The group also looked at regional differences. In both the Midwest and the Northeast, the child-care cost for two children exceeds the cost of housing — and it comes pretty close in the West and the South.
As we noted, this data does not reflect families in which one caregiver stopped work or cut back on hours to care for a child. The Pew Research Center found that there has been a rise in stay-at-home mothers in recent years.
Another survey, by the New America Foundation, found that the average cost of full-time care in child-care centers for all children ages 0-4 in the United States is $9,589 a year, higher than the average cost of in-state college tuition ($9,410). And a poll from National Public Radio, the Robert Wood Johnson Foundation and the Harvard T.H. Chan School of Public Health “found that nearly one-third of parents who have a fee for child care say the cost has caused a financial problem for their household — and of those, more than 70 percent said it is a somewhat or very serious problem.”
The University of New Hampshire, using a different data set than Child Care Aware, has separated out the impact on poorer families. About 1 in 4 families with young children are burdened by the cost of child care, spending more than 10 percent of family income on child care, according to a 2016 report. On average, poor families spend 19.8 percent of their income on child care — more than double the national average, the report said.
Update: A White House official said that Trump meant to refer to the child care costs for poor Americans, specifically a Census Bureau finding issued in 2013 that poorer families making less than $1,500 a month paid nearly 40 percent of their income for child care. The official also cited a 2015 report by the left-leaning Economic Policy Institute that in 500 of 618 select areas around the country, child care costs exceed rent. The report relies on EPI’s family budget calculator, which measures the income families need in order to attain a modest yet adequate standard of living. “Child care costs are particularly high for younger children,” the report said. “In 33 states and the District of Columbia, infant care costs exceed the average cost of in-state college tuition at public 4-year institutions.”

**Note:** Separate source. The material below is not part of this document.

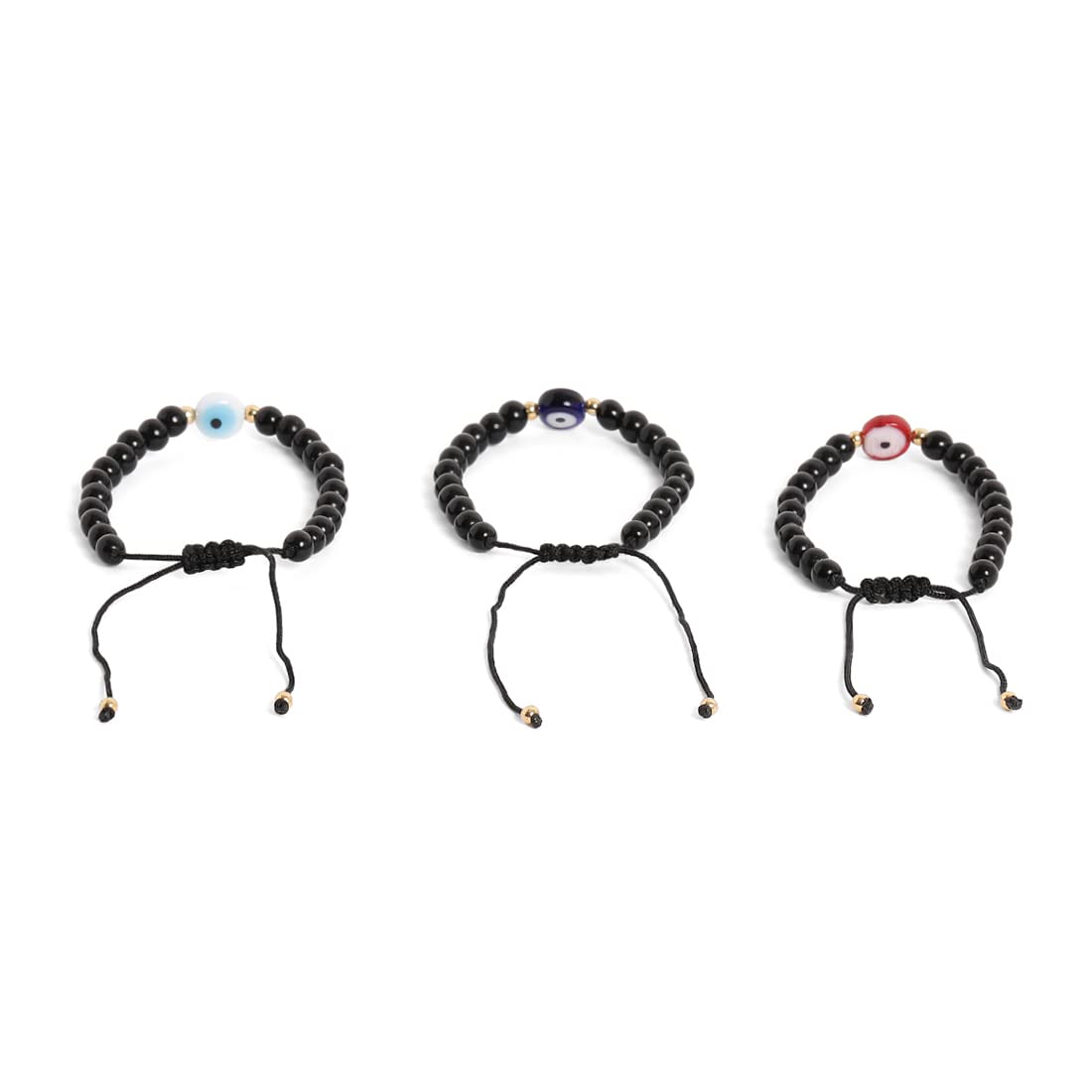 El Regalo 3 PCs Evil Eye Beads Handwoven Adjustable Unisex Bracelet for Men/Women/Girls/Boys - Red, Blue & White Glass Beads Evil Eye Bracelet Set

Update, April 28: The University of New Hampshire crunched the data for The Fact Checker and found there was little support for Trump’s statement when looking at average expenses. “At every income quintile measured in the American Community Survey [including the bottom 20 percent], average monthly housing expenses dramatically exceed average child care expenses measured in the Current Population Survey for families of young children who pay for child care,” Mattingly said. However, these are two different surveys, so not directly comparable, and the reported child care costs appear oddly low, she said.
The Pinocchio Test
Trump has highlighted a serious issue — that the high cost of child care is increasingly a burden on American families. In households with two or more children, the cost of day care exceeds the cost of housing in many states. The problem is especially acute for low-income families. The data also does not reflect the impact of parents leaving the workforce because the cost of child care is prohibitive.
As we suspected, Trump slightly flubbed her talking point, as she would have been on more solid ground if she had focused on low-income households or families with small children, not all households. We originally thought this comment would have been worthy of Two Pinocchios. But Trump was speaking off the cuff and we don’t play gotcha here at the Fact Checker, so we will leave this without a rating.